Dak
mentat
There needs to be the consideration that the "nuclear family" shouldn't be the privileged form of household organization. Sowell assumes that the nuclear family is some sort of secret formula that ensures survival or success. The racist assumption being made, even on Sowell's part (and remember, racism in this instance need not be intentional or individual, but is instead cultural and collective), is that the Euro-American nuclear-familial institution is the best form of household organization and that blacks should conform to it.
During what portion of history were blacks most in accordance with this household model? Well, during Reconstruction of course, and the decades that followed!
Thus, if slavery provided blacks with the discipline necessary to form nuclear families, and history shows that immediately afterwards they all went out and got married, well then... eureka! It must be that slavery actually did something good for them. Bear in mind, no one is saying this out loud; but it's the implicit assumption as it derives from the other assumption: i.e. that the nuclear family is the privileged institution that should be pursued.
This is how racism works; it's complicated, it's multi-layered.
You're making a couple of unsubstantiated leaps here. It is not stated nor are there any phrases of implication amongst these (not to say it isn't possible they exist within their entire works, but I haven't seen them) works of Sowell or Williams that slavery did anything good. However, this sort of critique is problematic anyway, since slavery in itself is not homogeneous, nor is/was it homogeneous within the US, and we can that some sorts of slavery were/are worse than others - based on judging individual aspects separately from the whole - which in no way justifies the whole absolutely. If forced: would you have rather been at oars in a Roman galley or a house servant in the Deep South? How about a field hand in the Deep South vs a house servant um, mostly anywhere? How about a feudal peasant vs a US Taxpayer? None of these options are good, but some are better than others.
Now, there is significant correlation within at least the western paradigm of nuclear households and positive outcomes. Whether this is simply culturally contingent or not is rather irrelevant in a practical sense. Sure, one could see positive outcomes without the benefit of the nuclear household even in the west, but it becomes less likely. Maybe the some other structure would render different results in a different system, but we aren't in a different system. The world, for the most part, isn't in a different system. So: a systemic assault on a [racially] based grouping regarding factors significantly correlated with success within the system (rather than trying to change the system) is quite easily chargeable with being racist. On the other hand, saying that the system is racist for encouraging success and being open to integration acts as defense tactic for the former, regardless of intent. It might make the speaker feel good to talk of complications and layers, but it doesn't even remotely begin to help the kid in the projects like a positive father role model would. Of course, the people speaking of complications and layers grew up primarily in nuclear households - generally ensuring their successful positions from which to be concerned with the misty arguable abstracts of layers and complications rather than who loves them and what they are going to eat tomorrow. This isn't aimed at you or your defense specifically, these are the stat-ist-ics.

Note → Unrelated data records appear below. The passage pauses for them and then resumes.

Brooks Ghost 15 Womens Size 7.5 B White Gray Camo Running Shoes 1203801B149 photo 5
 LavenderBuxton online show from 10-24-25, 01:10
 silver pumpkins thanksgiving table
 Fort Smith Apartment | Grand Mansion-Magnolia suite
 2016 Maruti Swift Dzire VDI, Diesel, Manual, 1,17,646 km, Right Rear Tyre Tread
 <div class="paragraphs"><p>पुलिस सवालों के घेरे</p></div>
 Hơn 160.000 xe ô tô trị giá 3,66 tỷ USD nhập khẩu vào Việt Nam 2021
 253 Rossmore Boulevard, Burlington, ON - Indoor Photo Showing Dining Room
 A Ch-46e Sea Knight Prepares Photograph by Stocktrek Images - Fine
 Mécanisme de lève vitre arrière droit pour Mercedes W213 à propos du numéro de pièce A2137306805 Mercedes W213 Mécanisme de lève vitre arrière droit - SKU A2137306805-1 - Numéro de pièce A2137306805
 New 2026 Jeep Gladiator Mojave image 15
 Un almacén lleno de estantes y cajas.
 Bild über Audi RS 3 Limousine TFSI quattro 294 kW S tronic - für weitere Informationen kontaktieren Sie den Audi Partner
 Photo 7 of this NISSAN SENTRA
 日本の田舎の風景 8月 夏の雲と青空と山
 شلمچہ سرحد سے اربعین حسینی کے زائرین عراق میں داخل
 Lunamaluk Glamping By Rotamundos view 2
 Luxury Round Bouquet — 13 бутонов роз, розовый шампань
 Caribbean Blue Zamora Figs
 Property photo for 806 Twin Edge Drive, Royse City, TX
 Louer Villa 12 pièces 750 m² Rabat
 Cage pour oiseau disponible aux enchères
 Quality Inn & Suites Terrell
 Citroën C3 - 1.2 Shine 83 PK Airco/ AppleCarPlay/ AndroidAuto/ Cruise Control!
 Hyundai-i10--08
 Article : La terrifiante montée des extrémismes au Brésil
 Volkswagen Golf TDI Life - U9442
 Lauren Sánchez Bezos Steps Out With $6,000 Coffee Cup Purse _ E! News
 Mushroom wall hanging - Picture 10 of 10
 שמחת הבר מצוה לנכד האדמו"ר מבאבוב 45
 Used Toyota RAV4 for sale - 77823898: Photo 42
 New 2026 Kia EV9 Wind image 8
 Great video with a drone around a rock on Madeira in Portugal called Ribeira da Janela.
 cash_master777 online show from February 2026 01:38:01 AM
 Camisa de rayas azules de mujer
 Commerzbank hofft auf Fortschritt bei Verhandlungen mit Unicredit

Of course, there are other household structures that might work (Mormons have seen success with polygamy, and some agricultural cultures have seen success with polyandry), but single parents (mostly moms) living on state handouts has not been a recipe for success anywhere - and that is what has been pushed as the alternative by the above. The nuclear family is certainly privileged vs The United States Substitute Daddy System or x_street_gang. Which is all the Coates of the world have to offer.
EDIT: new Aeon piece isn't saying anything I haven't already thought aboutcool
but... it's still a mighty fun read:
http://aeon.co/magazine/world-views/logic-of-buddhist-philosophy/
Yes this was an interesting read. Needs re-reading.